Registered Nursing Home Association

NICE recommendations on screening


In February 2006, the National Institute for Health and Clinical Excellence (NICE) formally acknowledged the relevance and usefulness of the MUST screening tool developed three years earlier with support from the RNHA (click here to see a copy of the tool).


NICE recommended that older people being admitted to hospitals and care homes should be screened for possible signs of malnutrition. This is sound advice, says the RNHA, which encourages all nursing homes to make regular and systematic use of the MUST tool.

Figures quoted by NICE in 2006 confirmed that many individuals may already be suffering from various forms of malnutrition, including foliate and vitamin deficiency, before they go into hospital or a care home. As many as one in ten people among the over-65s in the community is considered to be at a medium to high risk of malnutrition. 

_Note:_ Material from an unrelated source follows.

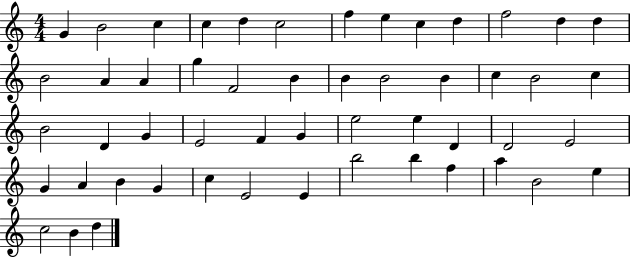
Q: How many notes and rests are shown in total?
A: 52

Assessing and documenting risk

For the RNHA, this underlines the critical importance of identifying and acting upon such risks at the earliest possible opportunity after a new patient has taken up residence in a nursing home. The association also recommends nursing homes to ensure that they fully document the outcomes of their risk assessments, including any unsuccessful attempts they may make to persuade an ‘at risk’ patient to accept essential nutritional support and intervention.


Support for community nutrition teams

The RNHA supports a proposal from NICE that community nutrition teams comprising dietitians, district nurses, care home staff and other relevant professionals should be established to provide a locally co-ordinated approach. The idea fits in well with the RNHA’s campaign for greater partnership working between the NHS and the independent sector in the care of older people.